DOCX to TXT conversion throws java.lang.StringIndexOutOfBoundsException

Sathiya22 · November 9, 2020, 1:16pm

Could anyone explain how to get text from .docx files with same indentations in .docx input file?
I tried using TxtSaveOption to preserve the table layout. But i get the following error.

Document document = new Document(fis);
TxtSaveOptions options = new TxtSaveOptions();
options.setSaveFormat(SaveFormat.TEXT);
options.setPreserveTableLayout(true);

                document.save(parentFolder.getPath() + "/" + fileName + ".txt",options );

java.lang.StringIndexOutOfBoundsException: String index out of range: -7
at java.lang.String.substring(String.java:1967)
at com.aspose.words.zzZE3.zzJu(Unknown Source)
at com.aspose.words.zzZE3.appendText(Unknown Source)
at com.aspose.words.zzZE1.appendText(Unknown Source)
at com.aspose.words.zzZE1.visitRun(Unknown Source)
at com.aspose.words.Run.accept(Unknown Source)
at com.aspose.words.CompositeNode.acceptChildren(Unknown Source)
at com.aspose.words.CompositeNode.acceptCore(Unknown Source)
at com.aspose.words.Paragraph.accept(Unknown Source)
at com.aspose.words.CompositeNode.acceptChildren(Unknown Source)
at com.aspose.words.CompositeNode.acceptCore(Unknown Source)
at com.aspose.words.Cell.accept(Unknown Source)
at com.aspose.words.CompositeNode.acceptChildren(Unknown Source)
at com.aspose.words.CompositeNode.acceptCore(Unknown Source)
at com.aspose.words.Row.accept(Unknown Source)
at com.aspose.words.CompositeNode.acceptChildren(Unknown Source)
at com.aspose.words.CompositeNode.acceptCore(Unknown Source)
at com.aspose.words.Table.accept(Unknown Source)
at com.aspose.words.CompositeNode.acceptChildren(Unknown Source)
at com.aspose.words.CompositeNode.acceptCore(Unknown Source)
at com.aspose.words.Body.accept(Unknown Source)
at com.aspose.words.zzZE1.zzZ(Unknown Source)
at com.aspose.words.zzZE1.zzY(Unknown Source)
at com.aspose.words.zzZE1.zzZ(Unknown Source)
at com.aspose.words.Document.zzZ(Unknown Source)
at com.aspose.words.Document.save(Unknown Source)
at asposePackage.AsposeExtractor.listoffolders(AsposeExtractor.java:75)
at asposePackage.AsposeExtractor.main(AsposeExtractor.java:33)

tahir.manzoor · November 9, 2020, 6:51pm

@Sathiya22

Could you please ZIP and attach your input Word document here for testing?
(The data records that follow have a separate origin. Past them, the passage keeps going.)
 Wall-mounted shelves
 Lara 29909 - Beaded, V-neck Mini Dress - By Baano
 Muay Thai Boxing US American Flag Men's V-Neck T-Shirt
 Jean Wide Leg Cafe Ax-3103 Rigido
We will investigate the issue and provide you more information on it.

Sathiya22 · November 11, 2020, 6:55am

checkFile.docx.zip (10.4 KB)

tahir.manzoor · November 11, 2020, 2:25pm

@Sathiya22

We have tested the scenario and have managed to reproduce the same issue at our side. For the sake of correction, we have logged this problem in our issue tracking system as WORDSNET-21385. You will be notified via this forum thread once this issue is resolved.

We apologize for your inconvenience.

Sathiya22 · November 16, 2020, 5:44am

This error also occurs when extracting text from some html files.
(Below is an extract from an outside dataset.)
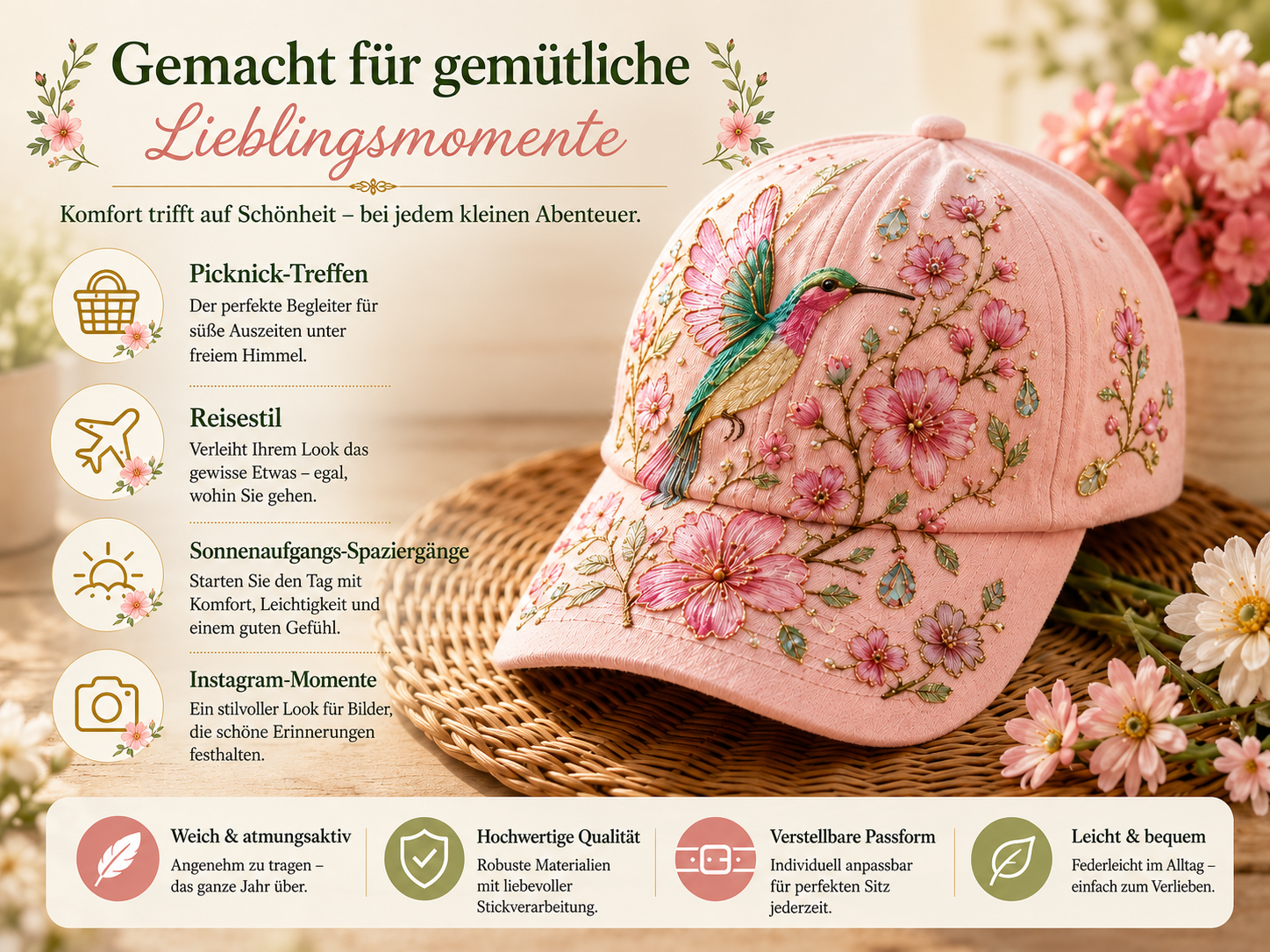 Limitierte Edition 2026 – Garden Morning Baseball Cap-ZierMode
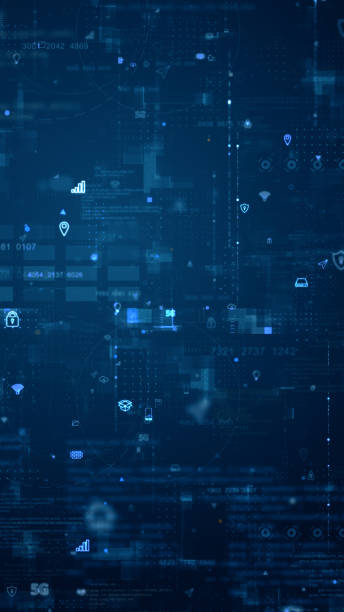 istock Blue data matrix simulation digital grid line and ai technology icon with futuristic HUD screen on blue abstract background vertical video concept 1492731917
tahir.manzoor · November 16, 2020, 7:57am

@Sathiya22

Please ZIP and attach the document for which you are facing issue along with code example that you are using to extract the text. We will investigate this issue and provide you more information on it.

Sathiya22 · November 19, 2020, 3:34pm

I assume that table heading with multiple line causes the error.
Can you let me know if the issue has been solved please.
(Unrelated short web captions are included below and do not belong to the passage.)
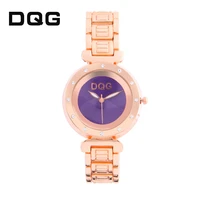 women watches dqg luxury fashion brand ladies wristwatches with rose gold mesh band simple woman clock gifts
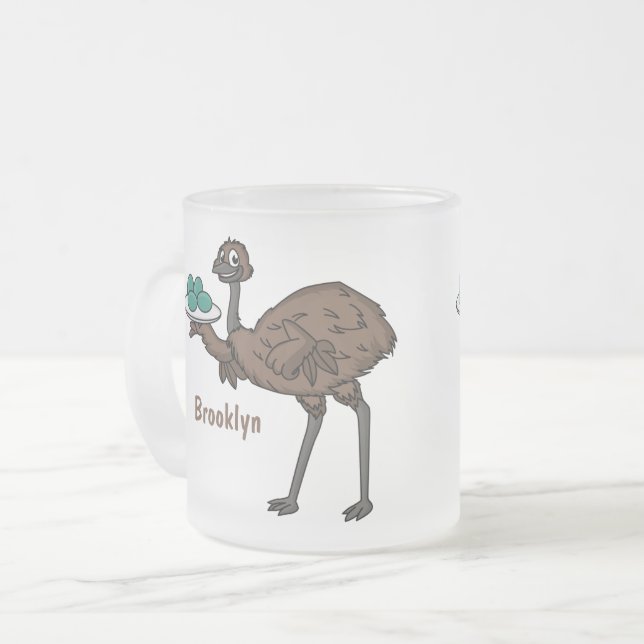 Emu mit Eiern Cartoon-Abbildung Mattglastasse (Vorderseite Links)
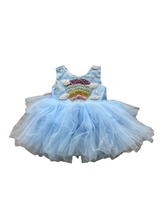 Baby Girl Blue Rainbow Party Dress – Sleeveless with Pearl & Sequin Embellishments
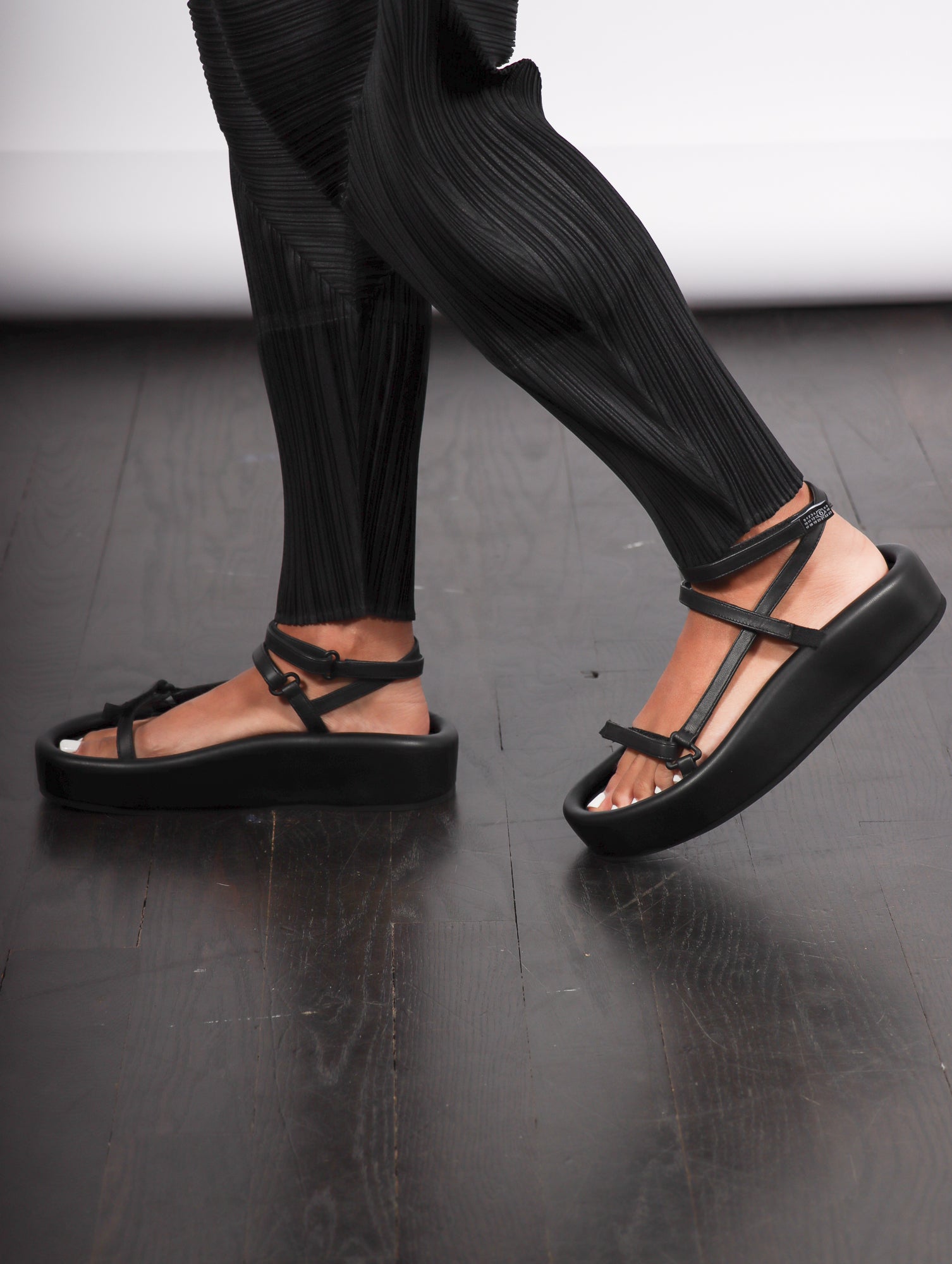 Sandal in Black by MM6 Maison Margiela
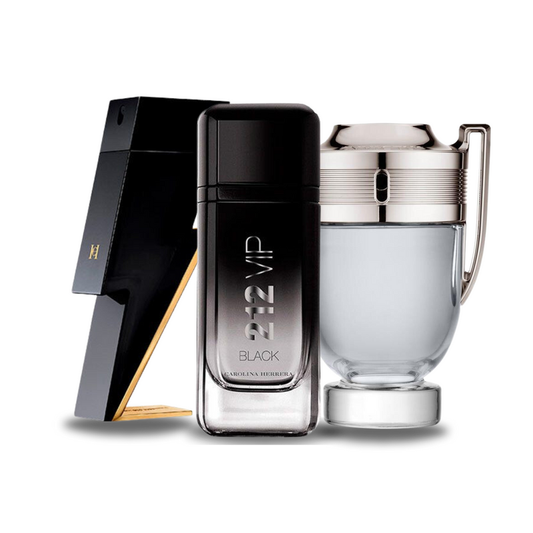 Conjunto de 3 Perfumes | BAD BOY, 212 VIP BLACK, Paco Rabanne INVICTUS 100 ml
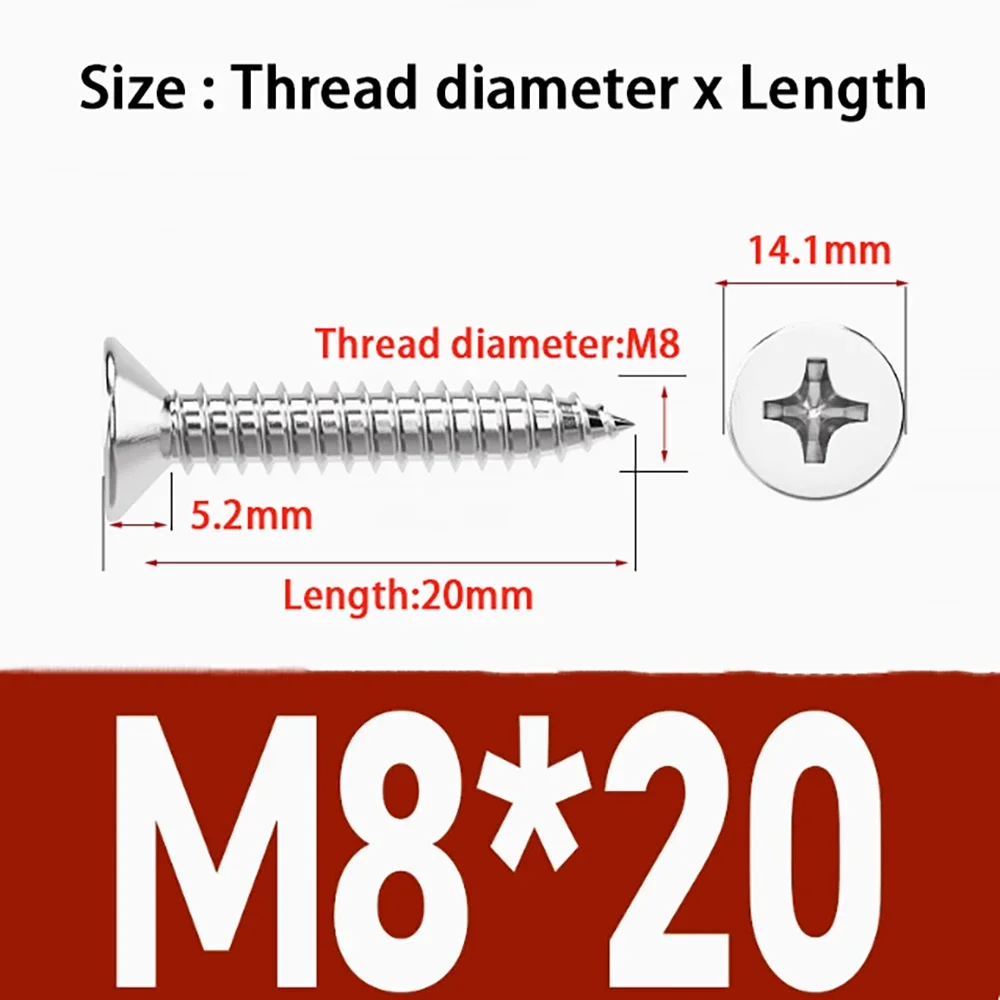 Length 16mm-100mm 304 Stainless Steel Self Tapping Screw M6 M8 Cross Countersunk Head Flat Head Screw Wooden Board Screw
Length 16mm-100mm 304 Stainless Steel Self Tapping Screw M6 M8 Cross Countersunk Head Flat Head Screw Wooden Board Screw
tahir.manzoor · November 19, 2020, 3:42pm

@Sathiya22

Yes, this issue has been resolved and its fix will be available in the next version of Aspose.Words i.e. 20.12. We will inform you via this forum thread once it is available. Hopefully, it will be available at the start of next month (December 2020).

Sathiya22 · November 19, 2020, 3:44pm

Thank you for your information

aspose.notifier · December 10, 2020, 8:38am

The issues you have found earlier have been fixed in this Aspose.Words for .NET 20.12 update and this Aspose.Words for Java 20.12 update.